Exercise requirements
The answer must consist solely of the line containing "北辰中央公园B区 4室2厅2卫 131.0万 北辰中央公园B区" and every line after it in the records below, through the last, each reproduced exactly.

►

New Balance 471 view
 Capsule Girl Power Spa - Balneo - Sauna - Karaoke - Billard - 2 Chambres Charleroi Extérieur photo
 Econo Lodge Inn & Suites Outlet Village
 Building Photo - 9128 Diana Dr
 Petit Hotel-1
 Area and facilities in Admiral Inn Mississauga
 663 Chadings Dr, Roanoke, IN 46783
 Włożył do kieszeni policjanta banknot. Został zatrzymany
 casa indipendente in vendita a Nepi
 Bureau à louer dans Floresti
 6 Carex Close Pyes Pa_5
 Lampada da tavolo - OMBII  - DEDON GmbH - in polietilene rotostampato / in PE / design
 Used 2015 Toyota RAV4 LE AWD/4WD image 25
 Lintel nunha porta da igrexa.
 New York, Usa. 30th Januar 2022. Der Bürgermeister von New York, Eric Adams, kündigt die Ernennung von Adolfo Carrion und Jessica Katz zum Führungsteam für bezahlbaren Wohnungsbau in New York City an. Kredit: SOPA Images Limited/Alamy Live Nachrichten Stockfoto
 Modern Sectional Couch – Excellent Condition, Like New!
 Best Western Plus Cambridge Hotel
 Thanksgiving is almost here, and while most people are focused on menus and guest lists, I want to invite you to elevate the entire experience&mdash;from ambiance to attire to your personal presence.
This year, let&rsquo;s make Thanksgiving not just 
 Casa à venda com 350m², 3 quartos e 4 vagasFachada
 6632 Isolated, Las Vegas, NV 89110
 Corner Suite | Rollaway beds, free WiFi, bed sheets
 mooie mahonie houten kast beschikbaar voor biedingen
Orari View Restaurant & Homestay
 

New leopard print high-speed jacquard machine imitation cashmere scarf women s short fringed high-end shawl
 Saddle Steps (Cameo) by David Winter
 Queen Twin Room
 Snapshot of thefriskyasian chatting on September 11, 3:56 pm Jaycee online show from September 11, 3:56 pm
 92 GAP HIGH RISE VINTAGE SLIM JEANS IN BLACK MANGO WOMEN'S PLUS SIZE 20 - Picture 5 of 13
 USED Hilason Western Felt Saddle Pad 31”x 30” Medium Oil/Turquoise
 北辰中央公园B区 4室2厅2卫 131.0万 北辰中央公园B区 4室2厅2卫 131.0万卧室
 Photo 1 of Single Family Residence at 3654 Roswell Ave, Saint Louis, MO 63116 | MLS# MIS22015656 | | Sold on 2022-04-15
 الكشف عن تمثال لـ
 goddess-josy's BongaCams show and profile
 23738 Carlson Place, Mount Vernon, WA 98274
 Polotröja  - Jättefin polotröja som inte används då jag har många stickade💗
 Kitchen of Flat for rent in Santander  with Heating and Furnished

◄

Answer to the exercise
 北辰中央公园B区 4室2厅2卫 131.0万 北辰中央公园B区 4室2厅2卫 131.0万卧室
 Photo 1 of Single Family Residence at 3654 Roswell Ave, Saint Louis, MO 63116 | MLS# MIS22015656 | | Sold on 2022-04-15
 الكشف عن تمثال لـ
 goddess-josy's BongaCams show and profile
 23738 Carlson Place, Mount Vernon, WA 98274
 Polotröja  - Jättefin polotröja som inte används då jag har många stickade💗
 Kitchen of Flat for rent in Santander  with Heating and Furnished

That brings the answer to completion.